# Duck/Goose saugage snack sticks



## Papa Greco

folpak said:


> I was just wondering if there was anybody with a recipe for duck/goose sausage snack sticks? I was thinking of using a recipe similar to a vension recipe. O, and im hoping to make jalapeno/cheese sticks. :corkysm55 Any help would be great


I run a wild game dinner every year and last year we had a bunch of great sportsman donate a LOT of waterfowl.

I made summer sausage out of goose breast and smoked kielbasa out of diver ducks. I used my seasoning mixes for both. There were absolutely NO leftovers! If we are lucky enough to get a lot of waterfowl this year, maybe I'll use my jalapeno/cheese mix! It does sound tasty.

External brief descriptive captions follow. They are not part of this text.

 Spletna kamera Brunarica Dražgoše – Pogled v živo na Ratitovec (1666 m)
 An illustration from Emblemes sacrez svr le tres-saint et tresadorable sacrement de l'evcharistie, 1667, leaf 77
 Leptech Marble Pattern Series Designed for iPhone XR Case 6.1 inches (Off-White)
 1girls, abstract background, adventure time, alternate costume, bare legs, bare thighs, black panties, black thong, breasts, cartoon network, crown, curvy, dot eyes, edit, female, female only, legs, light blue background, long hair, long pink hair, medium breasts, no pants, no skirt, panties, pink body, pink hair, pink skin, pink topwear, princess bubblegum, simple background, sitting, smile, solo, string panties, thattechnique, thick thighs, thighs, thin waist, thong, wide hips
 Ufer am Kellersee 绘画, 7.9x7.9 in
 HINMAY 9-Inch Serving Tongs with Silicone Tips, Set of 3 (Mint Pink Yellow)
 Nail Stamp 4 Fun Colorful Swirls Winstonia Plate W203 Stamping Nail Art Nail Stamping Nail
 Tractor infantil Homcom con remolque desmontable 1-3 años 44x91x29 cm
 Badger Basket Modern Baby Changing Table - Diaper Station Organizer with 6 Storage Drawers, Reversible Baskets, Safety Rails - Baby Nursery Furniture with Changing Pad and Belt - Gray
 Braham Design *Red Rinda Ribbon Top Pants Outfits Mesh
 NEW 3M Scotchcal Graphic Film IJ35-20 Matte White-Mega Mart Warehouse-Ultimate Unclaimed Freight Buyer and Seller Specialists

With the mallards we made duck breast Marsala, and the extra goose breast I made a Thai curry, and also chili.

Everything was great.

Mike (Papa) Greco
www.papagrecos.com


----------



## maddiedog

Put it all in a cooler after the season and drive to norms in richville.

Sent from my XT907 using Ohub Campfire mobile app


----------



## biernl

To me, a good sausage recipe is like a good hunting spot, hard to give up on a public forum. This is 10 pounds of cracked black pepper, garlic, high temp cheddar cheese, goose cut with a little pork shoulder stuffed in natural hog casings and smoke over charcoal with hickory and apple wood. Nothing better IMO, really good stuff!


----------